Minute-Level Mean-Reversion Strategy: Design, Backtest, Validation, and Significance

Context

You are given minute-level OHLCV data (open, high, low, close, volume) for a single equity over 180 regular trading days. Assume the data are split-adjusted and cover regular trading hours (no overnight trading).

Task

Design and implement a simple mean-reversion strategy and evaluate it rigorously.

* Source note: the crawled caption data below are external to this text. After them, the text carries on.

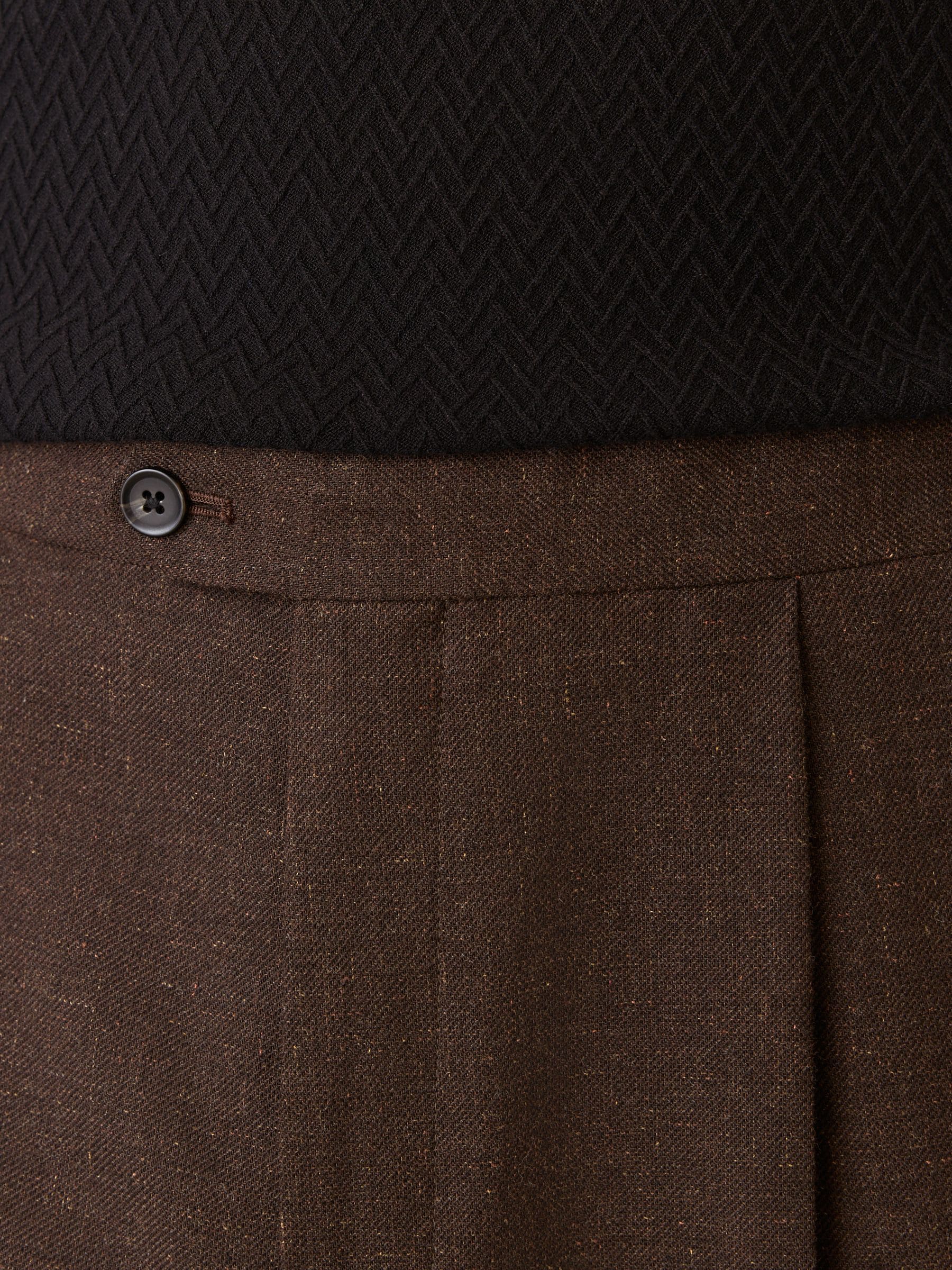 Buy Brown Regular Fit Smart Wool Blend Trousers With Linen and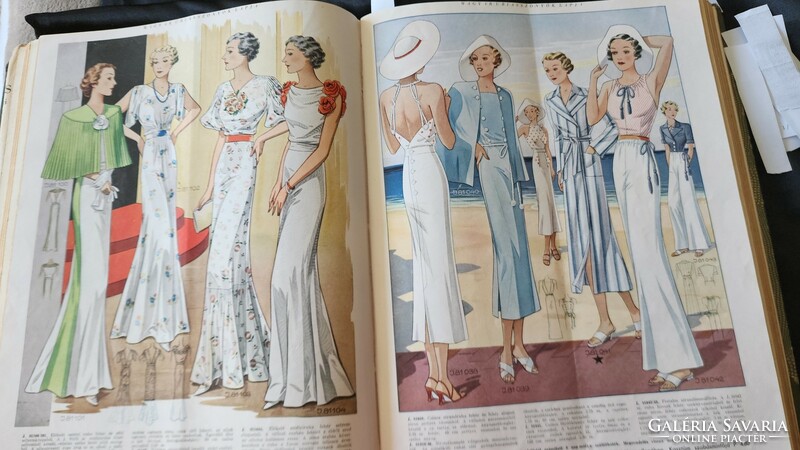 1936 Hungarian Gentlemen's Magazine newspaper bound yearbook needlework food recipe lifestyle gentleman's woman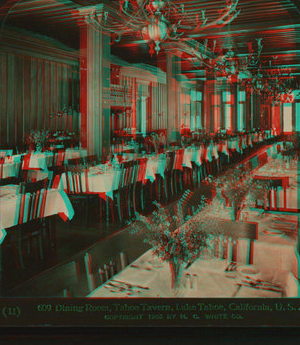 Dining Room, Tahoe Tavern, Lake Tahoe. 1865?-1905?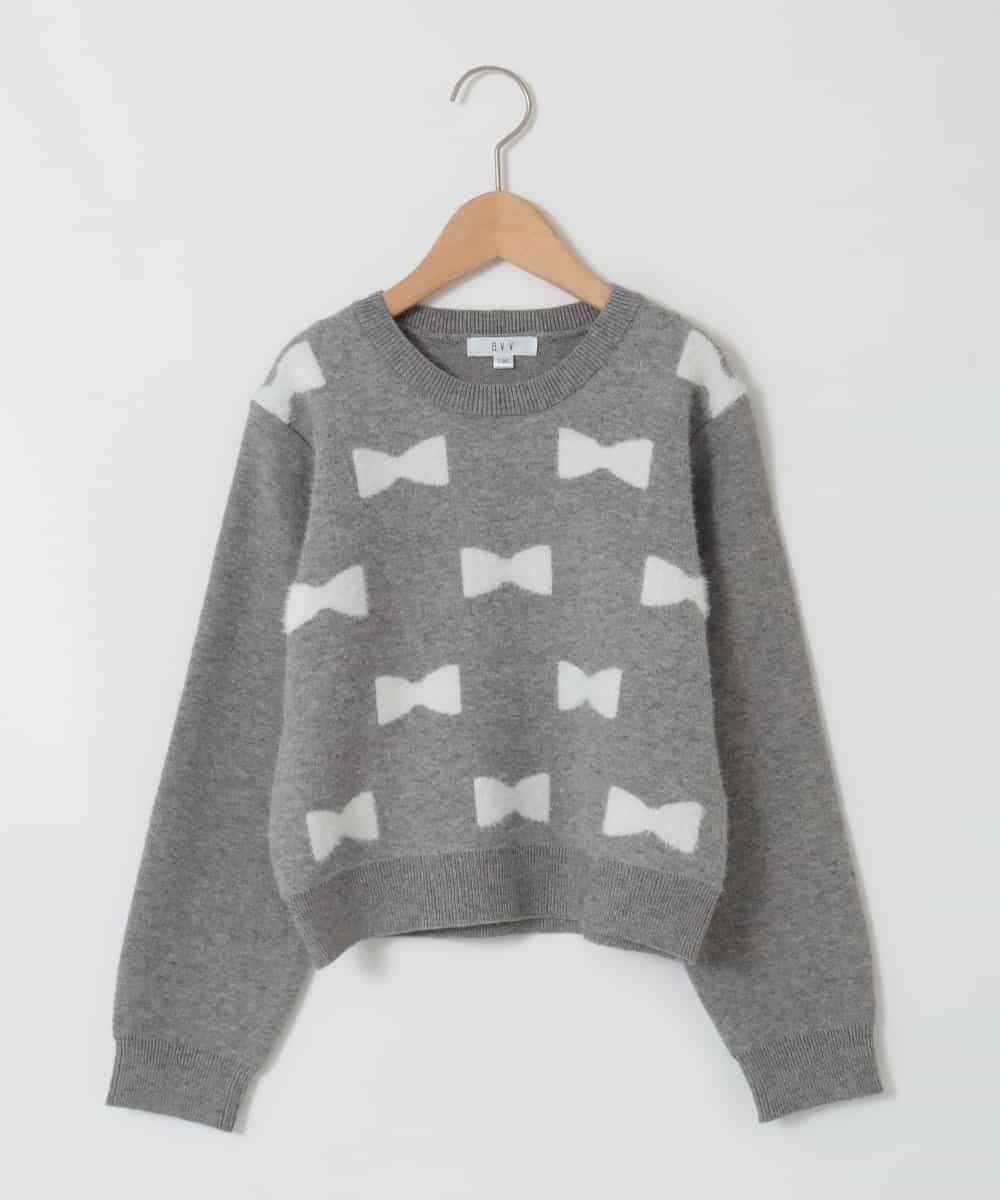 KJFAD01039 a.v.v KIDS(アー・ヴェ・ヴェ) [120-160]【クロップド丈】もっちりリボンジャガードニット ライトグレー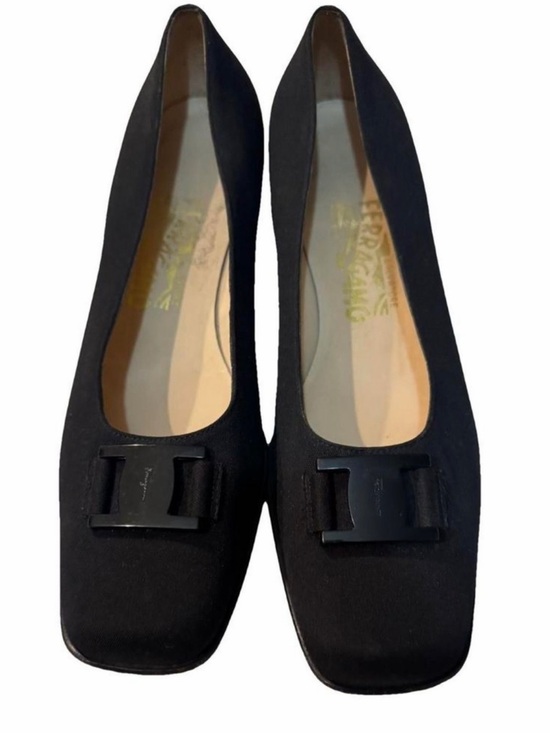 Salvatore Ferragamo Shoes - Salvatore Ferragamo Black Square-Toe Flats with Patent Logo Buckle *Size 38/8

  1. Specify the complete strategy specification:
    • Entry/exit rules based on a mean-reversion signal.
    • Risk controls (e.g., time stop, stop-loss, daily stop, position caps, no-trade windows).
    • Position sizing (e.g., volatility targeting) with explicit formulas/parameters.
    • Transaction costs and slippage model.
  2. Implement a reproducible backtest that outputs at minimum:
    • Total and per-day PnL, win rate, average trade PnL, max drawdown, realized volatility, Sharpe ratio, and turnover.
  3. Perform out-of-sample validation using a hold-out split or walk-forward (rolling) validation. If you tune parameters, do so only on in-sample windows and freeze them for the test windows.
  4. Discuss overfitting risks and apply a suitable statistical test (e.g., bootstrap-based White’s Reality Check or similar) to assess whether performance is statistically significant given data-snooping.

Deliver a clear, step-by-step solution with code or pseudocode, including assumptions and guardrails to avoid look-ahead and survivorship biases.